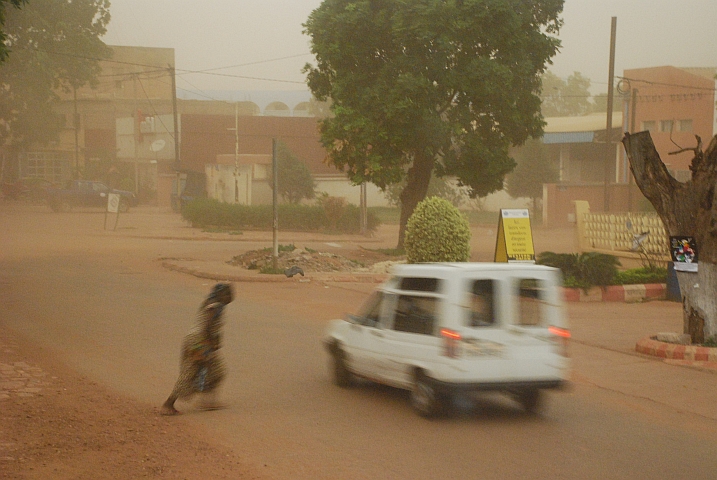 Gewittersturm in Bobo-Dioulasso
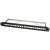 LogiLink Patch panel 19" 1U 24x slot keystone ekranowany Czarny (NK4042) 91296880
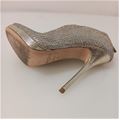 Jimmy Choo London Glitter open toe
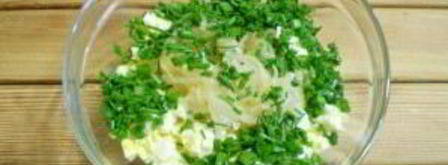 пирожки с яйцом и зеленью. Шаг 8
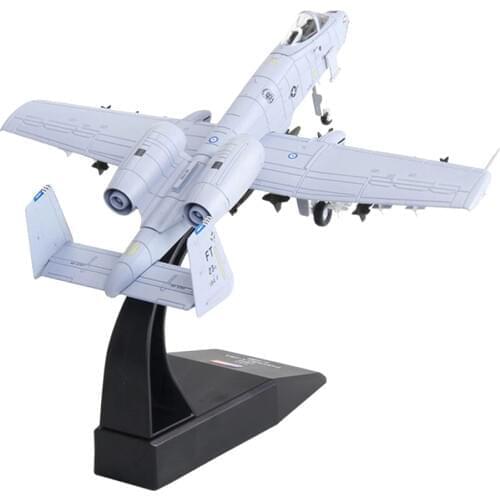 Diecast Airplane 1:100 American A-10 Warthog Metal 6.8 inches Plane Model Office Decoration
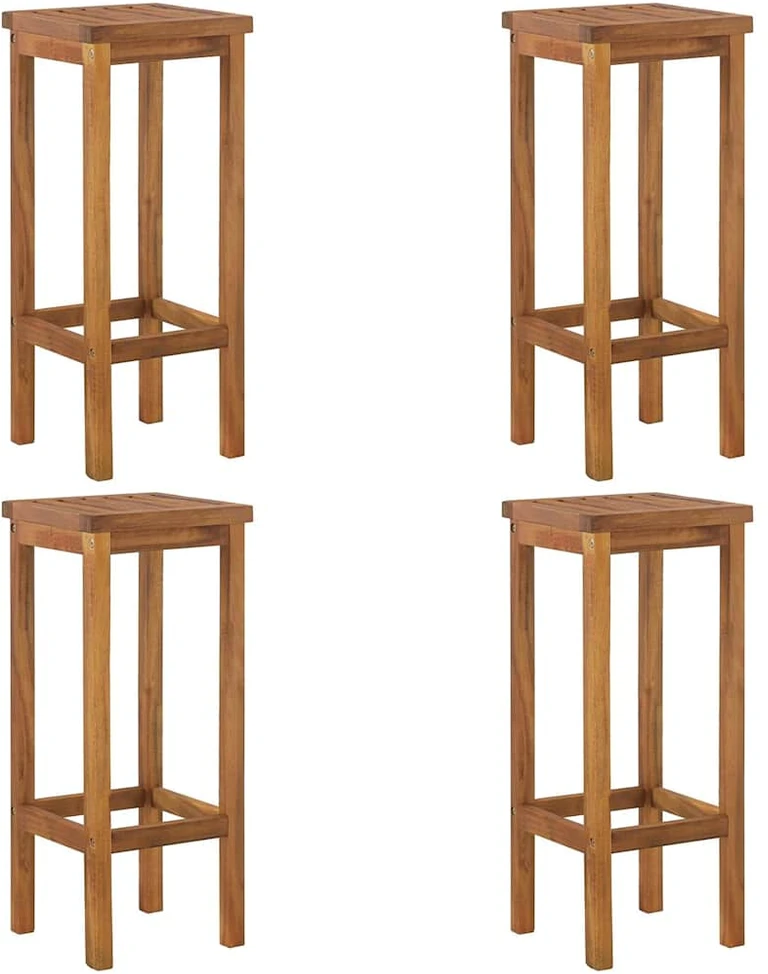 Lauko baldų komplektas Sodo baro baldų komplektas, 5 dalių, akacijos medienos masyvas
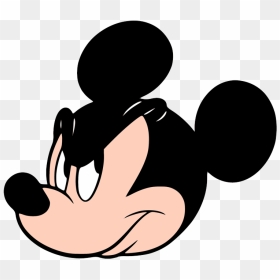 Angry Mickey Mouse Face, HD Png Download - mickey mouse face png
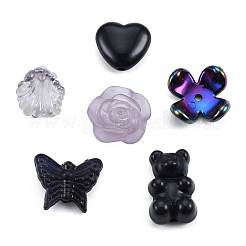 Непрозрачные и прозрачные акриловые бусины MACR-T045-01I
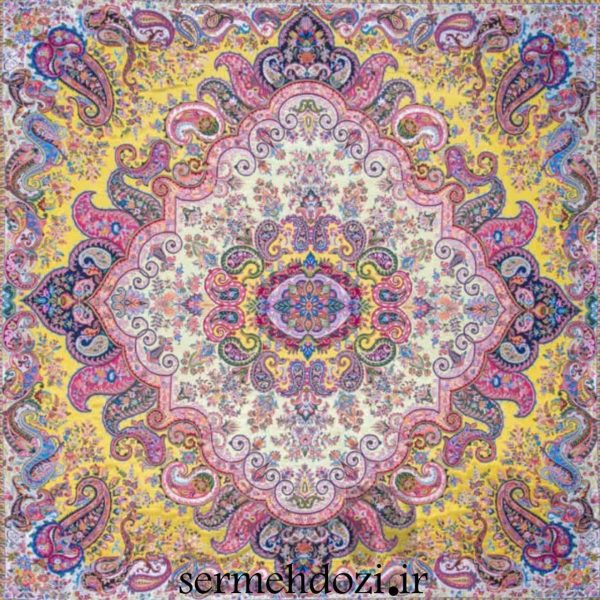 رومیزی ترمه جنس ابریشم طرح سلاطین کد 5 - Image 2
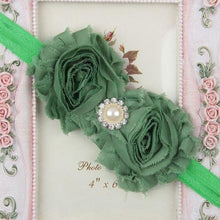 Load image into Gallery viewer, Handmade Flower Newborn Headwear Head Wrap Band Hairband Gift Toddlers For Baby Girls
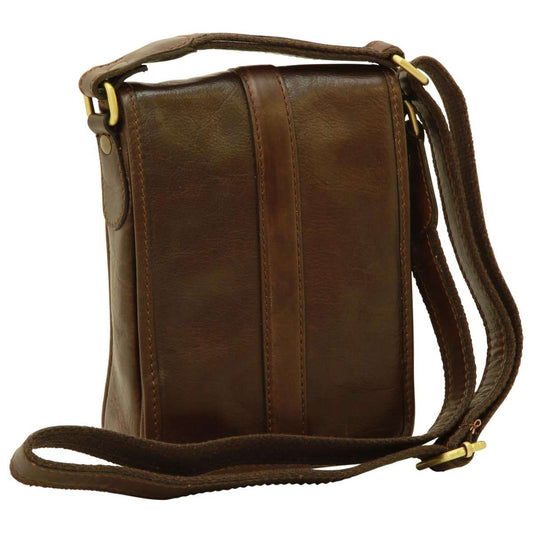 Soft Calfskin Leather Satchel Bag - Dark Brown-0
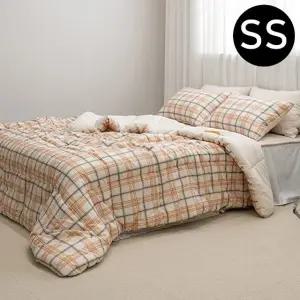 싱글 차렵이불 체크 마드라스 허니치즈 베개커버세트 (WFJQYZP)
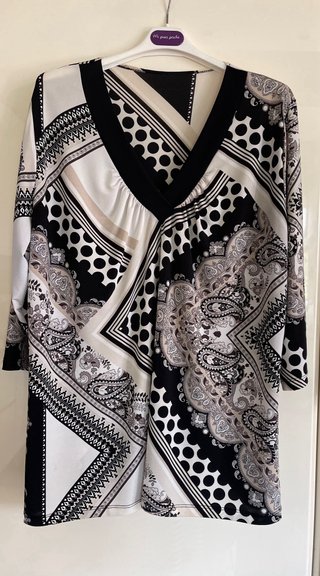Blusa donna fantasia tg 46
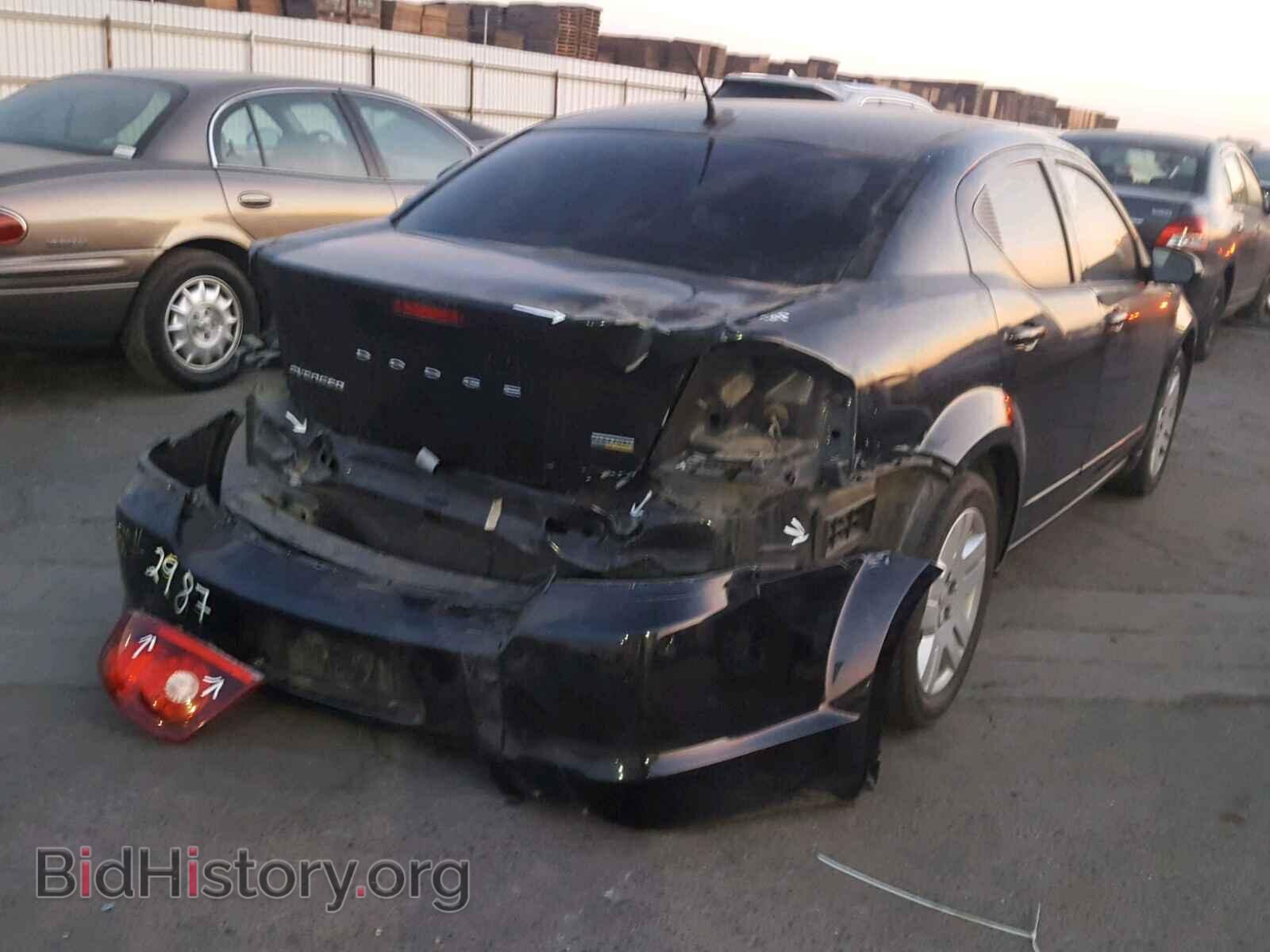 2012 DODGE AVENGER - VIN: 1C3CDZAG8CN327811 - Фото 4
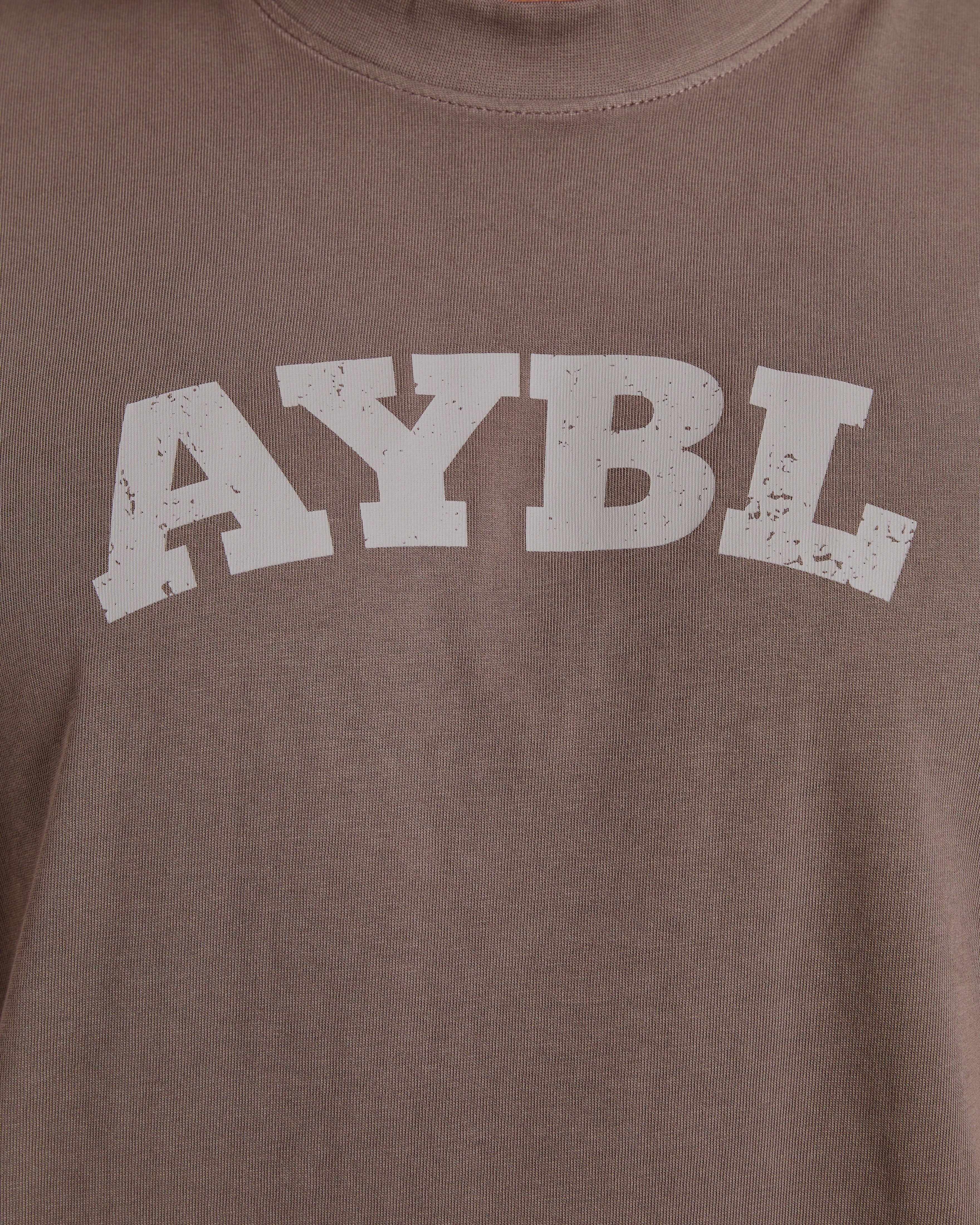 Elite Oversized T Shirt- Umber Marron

* [ACTION ITEM]
Restate word for word only the lines from where the entries begin through the one with "Soft Calfskin Leather"; omit the pictures.

* [SOLUTION FOR THIS EXERCISE]
 Gewittersturm in Bobo-Dioulasso
 LogiLink Patch panel 19" 1U 24x slot keystone ekranowany Czarny (NK4042) 91296880
 Jimmy Choo London Glitter open toe
 пирожки с яйцом и зеленью. Шаг 8
 Diecast Airplane 1:100 American A-10 Warthog Metal 6.8 inches Plane Model Office Decoration
 Lauko baldų komplektas Sodo baro baldų komplektas, 5 dalių, akacijos medienos masyvas
 Angry Mickey Mouse Face, HD Png Download - mickey mouse face png
 Непрозрачные и прозрачные акриловые бусины MACR-T045-01I
 رومیزی ترمه جنس ابریشم طرح سلاطین کد 5 - Image 2
 Load image into Gallery viewer, Handmade Flower Newborn Headwear Head Wrap Band Hairband Gift Toddlers For Baby Girls
 Soft Calfskin Leather Satchel Bag - Dark Brown-0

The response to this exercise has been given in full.